Já se passaram mais de 50 anos do famoso artigo Miopia em Marketing de Thedore Levitt, publicado na Harvard Business Review. Nele eram apresentados cases e um conceito central, as empresas vencedores precisam estar centradas no benefício tirado pelo cliente e não no produto que fabricam. As estradas de ferro não entraram em decadência pela diminuição do transporte de cargas e pessoas. Muito pelo contrário, nunca tantas pessoas viajaram e mercadorias foram enviadas a destinos distantes. Apenas o meio mudou, seja rodoviário ou aéreo. Assim, as empresas que se concentraram no produto (product-oriented) perderam mercado (ou desapareceram). Já aquelas que olharam para o benefício (market-oriented), adaptaram-se e prosperaram. Simples, mas vamos olhar um pouco mais.
Diversas décadas depois, Henry Mintzberg em passagem de um de seus livros sobre estratégia, criticou o que chamou de miopia da miopia de marketing. Ou seja, partir de pressuposto que uma empresa poderia rapidamente transformar-se em qualquer coisa a fim de atender ao novo meio de entregar o benefício do cliente.

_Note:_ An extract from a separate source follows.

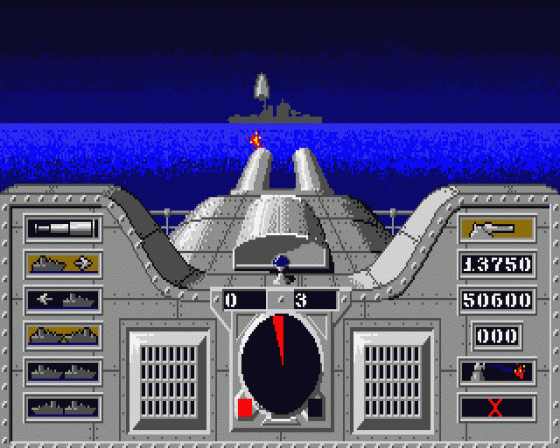 Bismarck Screenshot 9 (Atari ST)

Em outras palavras, um fabricante de ônibus deveria migrar rapidamente para aviões, para manter-se dentro do benefício de transportes, assim que as pessoas passassem a voar mais do que se deslocar por vias rodoviárias. Desconsiderando completamente o parque fabril, a capacidade de desenvolvimento, os relacionamentos comerciais e de mercado construído, em resumo, as competências residentes na empresa para de fato entregar aquilo que se propõe o negócio.
Estratégia não é apenas olhar para fora, como enfatiza a Escola do Posicionamento, representada principalmente pelas visões de Michael Porter. Mas ver no que de fato a empresa é muito boa e capaz. Assim como a gestão de marca é composta de promessa e entrega, a gestão do negócio tem que encontrar uma posição competitiva que possa ser sustentada por seus processos e pessoas. Basicamente deve haver coerência entre a escolha de vantagens comparativas interessantes para os seus consumidores que sejam coincidentes com seus pontos fortes internos.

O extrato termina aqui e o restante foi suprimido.